DATASET EXCERPT:
::::::
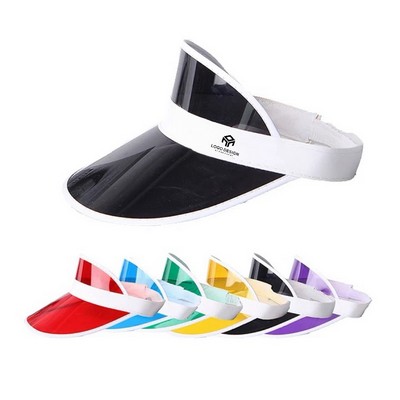 Clear Colored Plastic Sun Visor Hat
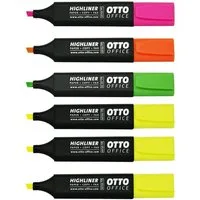 Otto Office Marker Highliner, (6-tlg), Textmarker mit Keilspitze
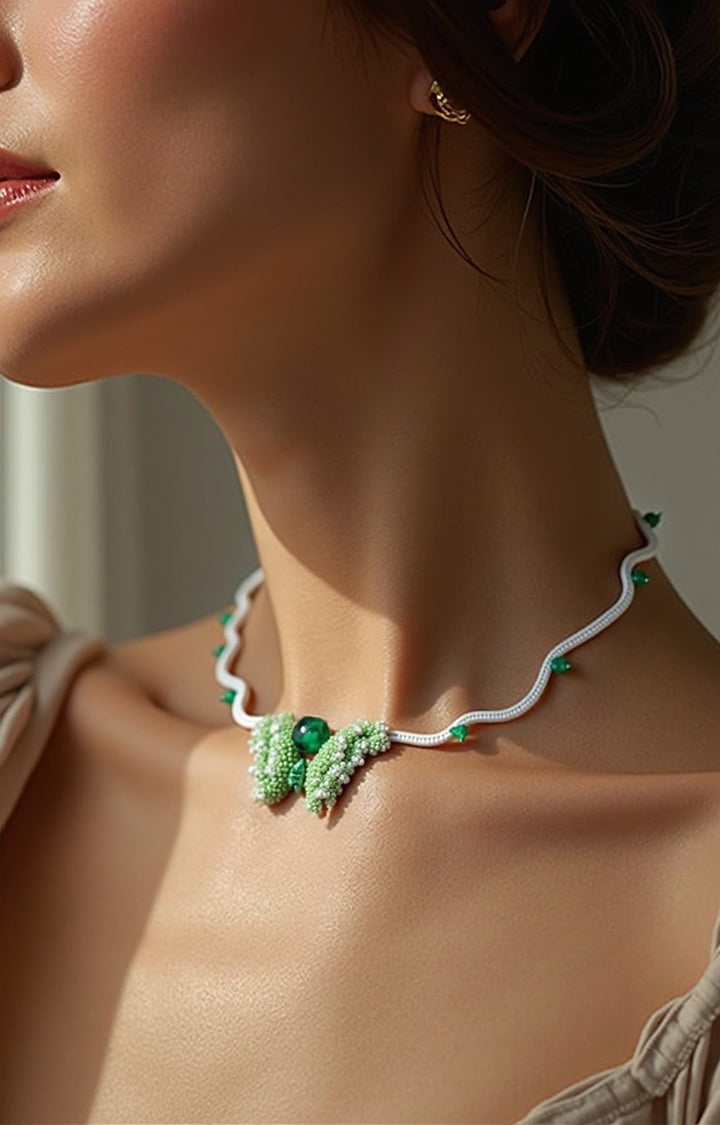 Lucky Butterfly Cushion Emerald Necklace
::::::
Drop the images, then copy the data exactly.

RESPONSE FOR THIS EXERCISE:
 Clear Colored Plastic Sun Visor Hat
 Otto Office Marker Highliner, (6-tlg), Textmarker mit Keilspitze
 Lucky Butterfly Cushion Emerald Necklace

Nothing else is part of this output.